Londrina - O pintor Márcio Gomes da Silva mora no Centro de Londrina, ao lado de uma farmácia localizada na Rua Souza Naves. Ele não paga aluguel, energia, água e enfrenta o frio como pode. ''Eu acho que aqui era um estúdio de fotografia. Desde de 2004 estava abandonado'', relata ele, que vive na rua há 27 anos e nos últimos quatro passou a ocupar um mocó.
''Entrei pela primeira vez aqui com minha esposa. Depois aceitei outros companheiros. Hoje somos em seis'', conta. No momento ele está separado da mulher, que passa por tratamento para se livrar da dependência da bebida. ''Todo mundo que vive aqui não mexe com droga. O nosso negócio é o álcool'', garante Silva.

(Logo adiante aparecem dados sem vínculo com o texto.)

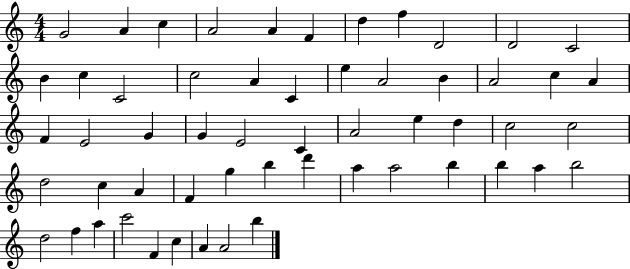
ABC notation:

X:1
T:Untitled
M:4/4
L:1/4
K:C
G2 A c A2 A F d f D2 D2 C2 B c C2 c2 A C e A2 B A2 c A F E2 G G E2 C A2 e d c2 c2 d2 c A F g b d' a a2 b b a b2 d2 f a c'2 F c A A2 b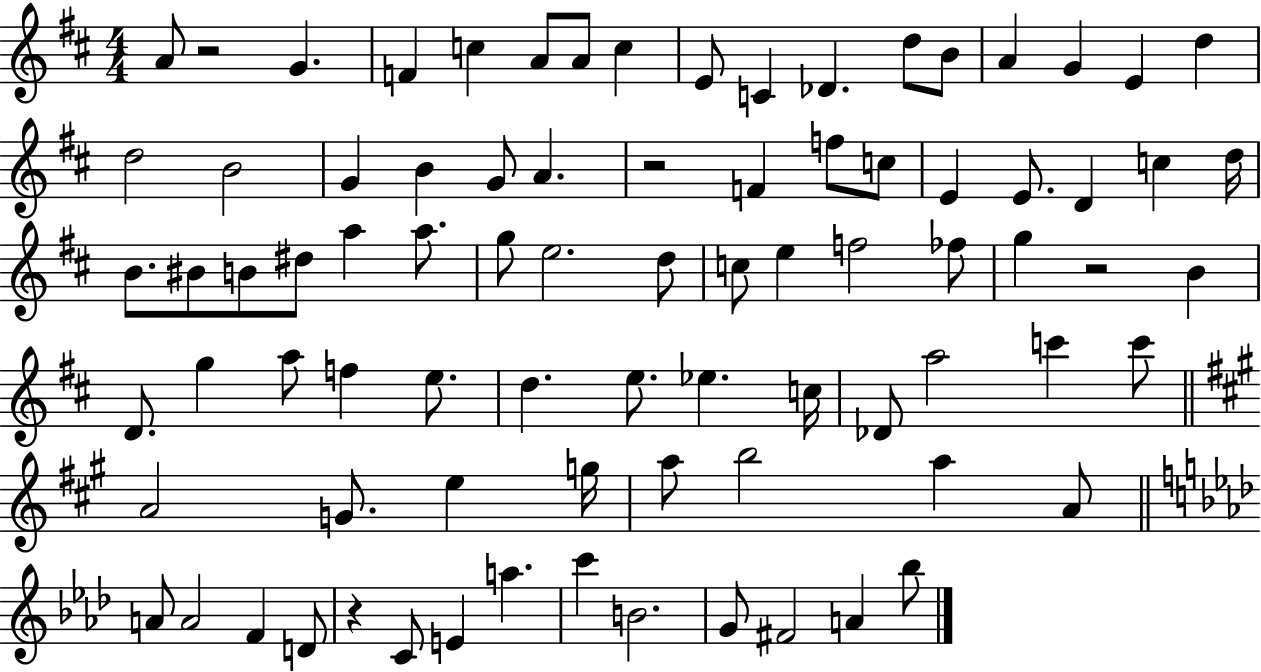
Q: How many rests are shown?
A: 4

Há três anos Luciano Faria é balconista na farmácia localizada ao lado da ''casa'' de Silva e dos companheiros dele. ''Eu trabalho até meia-noite. Tem esse pessoal que dorme aqui do lado, mas acho que nunca aconteceu algo mais sério'', declara.
De acordo com Lucinéia Maria Ribeiro, coordenadora do Centro de Referência Especializado de Assistência Social (Creas) I, existem hoje 20 mocós em Londrina, ''a maioria na Região Central.'' ''Nós não temos o número de pessoas que vivem nesses locais, pois a cada dia entra alguém e sai'', explica. Segundo levantamento do Creas, onze mocós estão localizados em terrenos particulares e nove em espaços públicos, como a Concha Acústica.
De acordo com Lucinéia, as equipes de rua do Creas, compostas por psicólogos e assistentes sociais, visitam os locais diariamente. ''Nos oferecemos para levá-los aos abrigos, mas muitos preferem não ir, pois lá é proibido usar drogas. Mesmo no frio eles recusam. No caso daqueles que são de fora da cidade também auxiliamos na compra de passagens de ônibus para que retornem, mas a resistência também é grande'', lamenta.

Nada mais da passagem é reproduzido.